■ Dataset entries
== == ==

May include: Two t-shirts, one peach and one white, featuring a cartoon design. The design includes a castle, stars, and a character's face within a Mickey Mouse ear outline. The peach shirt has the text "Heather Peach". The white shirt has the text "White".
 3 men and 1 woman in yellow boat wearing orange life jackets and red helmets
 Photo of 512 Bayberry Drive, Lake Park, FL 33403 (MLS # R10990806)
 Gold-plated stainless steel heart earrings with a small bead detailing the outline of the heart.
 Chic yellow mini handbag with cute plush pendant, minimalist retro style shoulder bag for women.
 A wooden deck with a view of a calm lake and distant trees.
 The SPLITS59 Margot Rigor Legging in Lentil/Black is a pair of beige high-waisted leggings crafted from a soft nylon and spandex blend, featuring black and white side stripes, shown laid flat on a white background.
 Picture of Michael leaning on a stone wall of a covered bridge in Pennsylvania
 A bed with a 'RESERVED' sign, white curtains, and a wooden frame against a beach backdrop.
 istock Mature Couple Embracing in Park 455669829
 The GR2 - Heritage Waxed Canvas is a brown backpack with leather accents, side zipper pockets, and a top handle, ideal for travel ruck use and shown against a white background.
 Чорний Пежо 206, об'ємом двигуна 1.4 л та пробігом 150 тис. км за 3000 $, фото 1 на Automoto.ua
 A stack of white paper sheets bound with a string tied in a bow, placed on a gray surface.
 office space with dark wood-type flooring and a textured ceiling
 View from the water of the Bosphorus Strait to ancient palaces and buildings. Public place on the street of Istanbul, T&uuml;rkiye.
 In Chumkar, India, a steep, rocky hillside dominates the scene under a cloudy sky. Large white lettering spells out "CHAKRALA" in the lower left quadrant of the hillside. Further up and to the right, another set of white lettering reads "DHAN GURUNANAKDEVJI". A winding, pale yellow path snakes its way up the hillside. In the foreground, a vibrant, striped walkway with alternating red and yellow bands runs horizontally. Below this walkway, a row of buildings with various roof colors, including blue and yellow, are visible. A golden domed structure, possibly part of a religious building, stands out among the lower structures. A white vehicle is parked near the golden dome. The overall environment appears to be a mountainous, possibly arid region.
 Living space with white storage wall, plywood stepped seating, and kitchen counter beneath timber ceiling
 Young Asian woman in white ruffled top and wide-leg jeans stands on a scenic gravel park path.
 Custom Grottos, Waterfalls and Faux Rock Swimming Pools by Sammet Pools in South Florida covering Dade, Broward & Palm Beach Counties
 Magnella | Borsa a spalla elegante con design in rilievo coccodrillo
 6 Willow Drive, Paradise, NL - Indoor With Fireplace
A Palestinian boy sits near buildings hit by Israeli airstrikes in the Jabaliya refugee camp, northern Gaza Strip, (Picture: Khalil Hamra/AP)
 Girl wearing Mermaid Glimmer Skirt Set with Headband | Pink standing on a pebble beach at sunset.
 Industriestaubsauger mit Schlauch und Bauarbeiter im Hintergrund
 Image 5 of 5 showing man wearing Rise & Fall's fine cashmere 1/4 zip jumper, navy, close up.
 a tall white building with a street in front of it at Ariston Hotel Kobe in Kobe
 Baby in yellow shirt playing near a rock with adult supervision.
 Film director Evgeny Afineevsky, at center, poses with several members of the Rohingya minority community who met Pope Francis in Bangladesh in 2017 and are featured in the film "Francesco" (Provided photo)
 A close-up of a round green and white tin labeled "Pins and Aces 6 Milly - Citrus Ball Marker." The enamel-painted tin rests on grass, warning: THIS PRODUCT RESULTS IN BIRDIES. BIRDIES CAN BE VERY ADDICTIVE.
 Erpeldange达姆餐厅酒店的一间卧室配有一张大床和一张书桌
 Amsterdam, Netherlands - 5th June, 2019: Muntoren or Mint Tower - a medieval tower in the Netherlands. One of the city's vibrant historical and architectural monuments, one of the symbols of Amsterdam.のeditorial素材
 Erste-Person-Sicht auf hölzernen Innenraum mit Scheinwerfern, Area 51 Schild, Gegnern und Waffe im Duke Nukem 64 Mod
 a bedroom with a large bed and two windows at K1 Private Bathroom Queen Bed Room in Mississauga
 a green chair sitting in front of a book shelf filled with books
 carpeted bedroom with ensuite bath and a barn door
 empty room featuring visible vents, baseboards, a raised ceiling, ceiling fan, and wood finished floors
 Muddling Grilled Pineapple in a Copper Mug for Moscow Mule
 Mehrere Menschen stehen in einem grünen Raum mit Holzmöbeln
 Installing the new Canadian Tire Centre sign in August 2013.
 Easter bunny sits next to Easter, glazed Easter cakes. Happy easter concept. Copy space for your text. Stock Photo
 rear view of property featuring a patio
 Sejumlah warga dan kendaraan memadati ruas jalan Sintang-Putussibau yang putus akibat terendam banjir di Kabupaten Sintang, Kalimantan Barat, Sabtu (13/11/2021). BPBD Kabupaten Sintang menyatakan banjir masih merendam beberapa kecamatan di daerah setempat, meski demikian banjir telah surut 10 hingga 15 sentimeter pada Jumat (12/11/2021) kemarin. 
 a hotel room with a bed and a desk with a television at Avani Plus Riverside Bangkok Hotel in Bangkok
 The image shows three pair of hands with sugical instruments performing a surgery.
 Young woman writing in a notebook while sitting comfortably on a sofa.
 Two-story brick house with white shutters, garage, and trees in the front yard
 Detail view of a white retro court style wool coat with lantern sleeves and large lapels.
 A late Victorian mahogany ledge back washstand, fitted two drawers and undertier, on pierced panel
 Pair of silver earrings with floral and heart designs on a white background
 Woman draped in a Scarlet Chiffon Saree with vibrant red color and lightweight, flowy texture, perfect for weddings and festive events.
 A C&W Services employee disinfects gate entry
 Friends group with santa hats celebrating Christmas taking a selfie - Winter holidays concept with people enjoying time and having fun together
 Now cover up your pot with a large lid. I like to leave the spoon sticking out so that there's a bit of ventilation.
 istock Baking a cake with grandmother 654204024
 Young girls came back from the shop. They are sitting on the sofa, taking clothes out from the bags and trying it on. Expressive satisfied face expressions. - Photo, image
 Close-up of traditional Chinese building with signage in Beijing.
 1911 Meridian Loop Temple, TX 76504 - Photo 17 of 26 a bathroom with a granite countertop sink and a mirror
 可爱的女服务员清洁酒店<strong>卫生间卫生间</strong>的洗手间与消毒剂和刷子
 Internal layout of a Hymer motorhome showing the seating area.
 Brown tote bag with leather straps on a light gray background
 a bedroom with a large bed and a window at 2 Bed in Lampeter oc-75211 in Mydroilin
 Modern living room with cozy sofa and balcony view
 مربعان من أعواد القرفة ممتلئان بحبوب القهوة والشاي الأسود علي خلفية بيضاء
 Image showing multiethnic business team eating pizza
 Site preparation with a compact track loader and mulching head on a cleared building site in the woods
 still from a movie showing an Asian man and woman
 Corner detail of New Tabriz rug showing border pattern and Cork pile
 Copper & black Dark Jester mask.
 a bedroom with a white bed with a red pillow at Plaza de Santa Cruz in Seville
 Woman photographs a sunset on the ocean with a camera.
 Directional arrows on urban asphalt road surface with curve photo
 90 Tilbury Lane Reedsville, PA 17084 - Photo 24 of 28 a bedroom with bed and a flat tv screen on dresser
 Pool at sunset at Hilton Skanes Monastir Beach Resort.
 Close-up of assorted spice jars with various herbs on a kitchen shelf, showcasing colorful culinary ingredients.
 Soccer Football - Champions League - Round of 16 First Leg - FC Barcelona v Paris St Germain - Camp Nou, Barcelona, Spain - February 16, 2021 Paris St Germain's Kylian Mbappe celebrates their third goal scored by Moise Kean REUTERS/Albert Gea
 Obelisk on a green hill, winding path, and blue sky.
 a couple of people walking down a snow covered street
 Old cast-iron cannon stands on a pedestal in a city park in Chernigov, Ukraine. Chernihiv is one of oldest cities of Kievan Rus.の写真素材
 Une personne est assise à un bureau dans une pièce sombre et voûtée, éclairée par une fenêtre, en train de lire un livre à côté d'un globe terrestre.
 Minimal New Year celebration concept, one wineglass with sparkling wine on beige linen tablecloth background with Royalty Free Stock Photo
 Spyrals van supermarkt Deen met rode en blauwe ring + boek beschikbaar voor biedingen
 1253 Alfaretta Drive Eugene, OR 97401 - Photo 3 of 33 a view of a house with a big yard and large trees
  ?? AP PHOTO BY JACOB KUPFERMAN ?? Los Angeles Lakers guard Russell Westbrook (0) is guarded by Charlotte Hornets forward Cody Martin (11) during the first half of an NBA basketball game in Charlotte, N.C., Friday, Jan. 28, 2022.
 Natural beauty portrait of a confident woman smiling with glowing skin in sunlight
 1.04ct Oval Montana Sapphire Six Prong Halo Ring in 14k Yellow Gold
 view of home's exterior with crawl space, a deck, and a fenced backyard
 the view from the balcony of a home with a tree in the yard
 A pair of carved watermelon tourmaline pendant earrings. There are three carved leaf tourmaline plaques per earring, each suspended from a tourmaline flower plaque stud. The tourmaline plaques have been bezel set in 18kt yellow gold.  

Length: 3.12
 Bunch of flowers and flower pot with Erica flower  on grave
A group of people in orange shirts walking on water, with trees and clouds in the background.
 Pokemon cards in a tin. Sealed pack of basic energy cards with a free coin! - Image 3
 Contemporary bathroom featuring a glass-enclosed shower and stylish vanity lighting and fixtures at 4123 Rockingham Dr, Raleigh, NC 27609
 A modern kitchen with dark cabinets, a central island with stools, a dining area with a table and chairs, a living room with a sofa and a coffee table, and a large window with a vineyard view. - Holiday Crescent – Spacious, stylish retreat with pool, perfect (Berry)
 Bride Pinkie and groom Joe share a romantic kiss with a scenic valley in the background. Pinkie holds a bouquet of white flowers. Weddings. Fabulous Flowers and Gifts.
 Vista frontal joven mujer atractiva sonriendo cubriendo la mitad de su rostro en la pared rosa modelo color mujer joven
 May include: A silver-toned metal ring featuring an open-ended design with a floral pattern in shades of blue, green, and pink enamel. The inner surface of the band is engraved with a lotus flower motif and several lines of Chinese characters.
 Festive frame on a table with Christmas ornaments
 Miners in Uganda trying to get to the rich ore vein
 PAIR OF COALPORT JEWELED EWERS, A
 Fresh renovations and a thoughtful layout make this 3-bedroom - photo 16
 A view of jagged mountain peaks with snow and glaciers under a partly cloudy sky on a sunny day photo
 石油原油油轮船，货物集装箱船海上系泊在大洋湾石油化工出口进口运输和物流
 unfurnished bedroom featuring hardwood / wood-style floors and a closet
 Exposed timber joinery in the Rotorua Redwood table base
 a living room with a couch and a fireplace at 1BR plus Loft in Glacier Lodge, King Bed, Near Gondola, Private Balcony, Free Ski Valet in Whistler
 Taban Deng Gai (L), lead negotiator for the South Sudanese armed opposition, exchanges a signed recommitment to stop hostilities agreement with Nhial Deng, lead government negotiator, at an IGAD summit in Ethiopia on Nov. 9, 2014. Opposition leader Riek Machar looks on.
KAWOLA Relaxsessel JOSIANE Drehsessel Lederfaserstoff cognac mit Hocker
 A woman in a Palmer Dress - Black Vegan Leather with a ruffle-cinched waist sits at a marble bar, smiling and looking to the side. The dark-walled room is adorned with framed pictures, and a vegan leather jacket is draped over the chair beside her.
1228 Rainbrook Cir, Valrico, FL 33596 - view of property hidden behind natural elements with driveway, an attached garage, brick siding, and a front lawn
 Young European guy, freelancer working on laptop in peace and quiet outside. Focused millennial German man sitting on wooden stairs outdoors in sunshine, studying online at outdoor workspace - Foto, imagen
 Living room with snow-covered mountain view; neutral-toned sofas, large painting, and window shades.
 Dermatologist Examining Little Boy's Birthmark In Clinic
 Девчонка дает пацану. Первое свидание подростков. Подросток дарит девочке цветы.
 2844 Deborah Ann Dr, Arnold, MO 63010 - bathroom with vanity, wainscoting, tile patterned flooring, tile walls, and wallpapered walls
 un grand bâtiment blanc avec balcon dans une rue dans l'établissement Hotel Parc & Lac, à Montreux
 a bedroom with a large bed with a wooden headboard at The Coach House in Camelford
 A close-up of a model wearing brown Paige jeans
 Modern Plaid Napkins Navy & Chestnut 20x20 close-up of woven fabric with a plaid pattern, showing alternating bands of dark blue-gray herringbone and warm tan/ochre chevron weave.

== == ==

■ What is expected
Scan the records for the string "pendant" and show every line that contains it.

■ Result below
 Chic yellow mini handbag with cute plush pendant, minimalist retro style shoulder bag for women.
 A pair of carved watermelon tourmaline pendant earrings. There are three carved leaf tourmaline plaques per earring, each suspended from a tourmaline flower plaque stud. The tourmaline plaques have been bezel set in 18kt yellow gold.  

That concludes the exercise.